The fire sale was made possible by the contribution of $11.1 million from the town that went toward the purchase of the development rights, as well as a package of covenants and restrictions on the land that will prevent it from ever being used for any other purpose than growing row crops.
At a gathering of farmers and local government officials in one of the two fields off Head of Pond Road in Water Mill on August 5, the deal was touted as the first time a municipality had tailored its preservation purchase to ensure that land would be continued to be tilled by farmers.
“This is the first town in the state to have done this—this is huge,” Peconic Land Trust President John v.H. Halsey said. “This farm will be available to a farmer at its true agricultural value.”
Despite having spent hundreds of millions of dollars over the past 15 years to remove housing development rights from thousands of acres, much of it agricultural land, many of those properties have since been lost to farmers beneath horse paddocks, riding stables and even houses for the staff of horse farms. The demand for preserved land for such uses has driven the market price well above $100,000 an acre, out of reach for most farmers.

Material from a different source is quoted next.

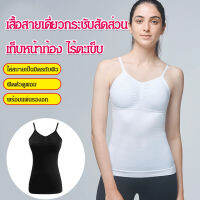 yidaoguang เสื้อสายเดี่ยวกระชับสัดส่วนเก็บหน้าท้อง ไร้ตะเข็บ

In hopes of leading the CPF down a new path that would head off the loss of farmland protected with CPF money, the Peconic Land Trust devised a list of covenants that could be placed on the land, with commensurate compensation for the lost potential value, that would bar it from being used for equestrian uses, or left fallow. By paying extra for the additional restrictions—about 10 to 15 percent over the cost of purchasing the right to build houses on the property—the new form of preservation drives down the value of the land to a point that, trust officials hope, it could be purchased by farmers.
Mr. Halsey said there has been considerable “buzz” among farmers over the coming offering of the land, previously owned by Charlotte Danilevsky, who died in November, and expects that it will see a number of competing offers from farmers in a position to purchase one of the two lots.
At last week’s press conference, several farmers applauded the purchase and the direction taken to ensure that crops will eventually be grown on the land.
“This is a wonderful day in the life of agriculture,” said John L. Halsey, an apple farmer from Water Mill and a member of the town’s agricultural advisory board.